What the exercise asks -
The required output is a word-for-word restatement of the material below, from the line with "Ribbon-Detail Leather Sneakers - Image 2" through its last line, inclusive.

Data for processing -

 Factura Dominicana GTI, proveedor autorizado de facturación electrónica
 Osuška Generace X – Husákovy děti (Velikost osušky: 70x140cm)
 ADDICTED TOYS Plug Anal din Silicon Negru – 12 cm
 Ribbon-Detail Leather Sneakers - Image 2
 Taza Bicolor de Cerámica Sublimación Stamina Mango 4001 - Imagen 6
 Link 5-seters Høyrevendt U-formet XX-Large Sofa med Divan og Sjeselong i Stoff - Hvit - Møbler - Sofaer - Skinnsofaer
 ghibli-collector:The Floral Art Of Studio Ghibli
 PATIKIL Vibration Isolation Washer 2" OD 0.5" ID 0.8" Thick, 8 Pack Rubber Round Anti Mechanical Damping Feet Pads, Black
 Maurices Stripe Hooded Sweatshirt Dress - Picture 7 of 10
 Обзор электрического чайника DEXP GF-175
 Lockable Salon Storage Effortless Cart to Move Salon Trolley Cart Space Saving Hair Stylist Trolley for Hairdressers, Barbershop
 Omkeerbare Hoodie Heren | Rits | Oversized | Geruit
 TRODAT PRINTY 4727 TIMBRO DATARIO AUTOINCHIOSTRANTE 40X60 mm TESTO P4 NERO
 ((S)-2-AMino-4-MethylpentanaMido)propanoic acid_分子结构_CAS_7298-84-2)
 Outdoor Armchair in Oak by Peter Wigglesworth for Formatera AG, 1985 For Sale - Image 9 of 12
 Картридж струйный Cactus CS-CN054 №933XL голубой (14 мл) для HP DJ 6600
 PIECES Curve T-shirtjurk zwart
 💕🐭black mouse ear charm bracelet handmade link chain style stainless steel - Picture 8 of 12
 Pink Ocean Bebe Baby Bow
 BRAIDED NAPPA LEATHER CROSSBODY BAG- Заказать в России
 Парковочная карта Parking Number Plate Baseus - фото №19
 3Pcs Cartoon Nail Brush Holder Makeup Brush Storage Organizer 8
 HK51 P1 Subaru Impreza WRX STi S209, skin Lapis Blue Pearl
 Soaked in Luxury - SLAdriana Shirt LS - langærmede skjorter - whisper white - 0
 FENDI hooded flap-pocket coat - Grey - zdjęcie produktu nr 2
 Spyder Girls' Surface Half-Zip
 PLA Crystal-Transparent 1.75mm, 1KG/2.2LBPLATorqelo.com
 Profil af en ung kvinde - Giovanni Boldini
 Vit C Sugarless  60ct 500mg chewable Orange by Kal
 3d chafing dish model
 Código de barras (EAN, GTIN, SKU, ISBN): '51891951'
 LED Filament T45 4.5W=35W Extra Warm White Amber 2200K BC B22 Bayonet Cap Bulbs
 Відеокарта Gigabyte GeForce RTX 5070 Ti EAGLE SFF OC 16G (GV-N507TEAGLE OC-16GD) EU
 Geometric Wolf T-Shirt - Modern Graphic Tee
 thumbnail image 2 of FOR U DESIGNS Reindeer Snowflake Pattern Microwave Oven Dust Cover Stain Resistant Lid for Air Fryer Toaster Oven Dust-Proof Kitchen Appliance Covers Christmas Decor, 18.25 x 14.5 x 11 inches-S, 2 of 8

Written solution -
 Ribbon-Detail Leather Sneakers - Image 2
 Taza Bicolor de Cerámica Sublimación Stamina Mango 4001 - Imagen 6
 Link 5-seters Høyrevendt U-formet XX-Large Sofa med Divan og Sjeselong i Stoff - Hvit - Møbler - Sofaer - Skinnsofaer
 ghibli-collector:The Floral Art Of Studio Ghibli
 PATIKIL Vibration Isolation Washer 2" OD 0.5" ID 0.8" Thick, 8 Pack Rubber Round Anti Mechanical Damping Feet Pads, Black
 Maurices Stripe Hooded Sweatshirt Dress - Picture 7 of 10
 Обзор электрического чайника DEXP GF-175
 Lockable Salon Storage Effortless Cart to Move Salon Trolley Cart Space Saving Hair Stylist Trolley for Hairdressers, Barbershop
 Omkeerbare Hoodie Heren | Rits | Oversized | Geruit
 TRODAT PRINTY 4727 TIMBRO DATARIO AUTOINCHIOSTRANTE 40X60 mm TESTO P4 NERO
 ((S)-2-AMino-4-MethylpentanaMido)propanoic acid_分子结构_CAS_7298-84-2)
 Outdoor Armchair in Oak by Peter Wigglesworth for Formatera AG, 1985 For Sale - Image 9 of 12
 Картридж струйный Cactus CS-CN054 №933XL голубой (14 мл) для HP DJ 6600
 PIECES Curve T-shirtjurk zwart
 💕🐭black mouse ear charm bracelet handmade link chain style stainless steel - Picture 8 of 12
 Pink Ocean Bebe Baby Bow
 BRAIDED NAPPA LEATHER CROSSBODY BAG- Заказать в России
 Парковочная карта Parking Number Plate Baseus - фото №19
 3Pcs Cartoon Nail Brush Holder Makeup Brush Storage Organizer 8
 HK51 P1 Subaru Impreza WRX STi S209, skin Lapis Blue Pearl
 Soaked in Luxury - SLAdriana Shirt LS - langærmede skjorter - whisper white - 0
 FENDI hooded flap-pocket coat - Grey - zdjęcie produktu nr 2
 Spyder Girls' Surface Half-Zip
 PLA Crystal-Transparent 1.75mm, 1KG/2.2LBPLATorqelo.com
 Profil af en ung kvinde - Giovanni Boldini
 Vit C Sugarless  60ct 500mg chewable Orange by Kal
 3d chafing dish model
 Código de barras (EAN, GTIN, SKU, ISBN): '51891951'
 LED Filament T45 4.5W=35W Extra Warm White Amber 2200K BC B22 Bayonet Cap Bulbs
 Відеокарта Gigabyte GeForce RTX 5070 Ti EAGLE SFF OC 16G (GV-N507TEAGLE OC-16GD) EU
 Geometric Wolf T-Shirt - Modern Graphic Tee
 thumbnail image 2 of FOR U DESIGNS Reindeer Snowflake Pattern Microwave Oven Dust Cover Stain Resistant Lid for Air Fryer Toaster Oven Dust-Proof Kitchen Appliance Covers Christmas Decor, 18.25 x 14.5 x 11 inches-S, 2 of 8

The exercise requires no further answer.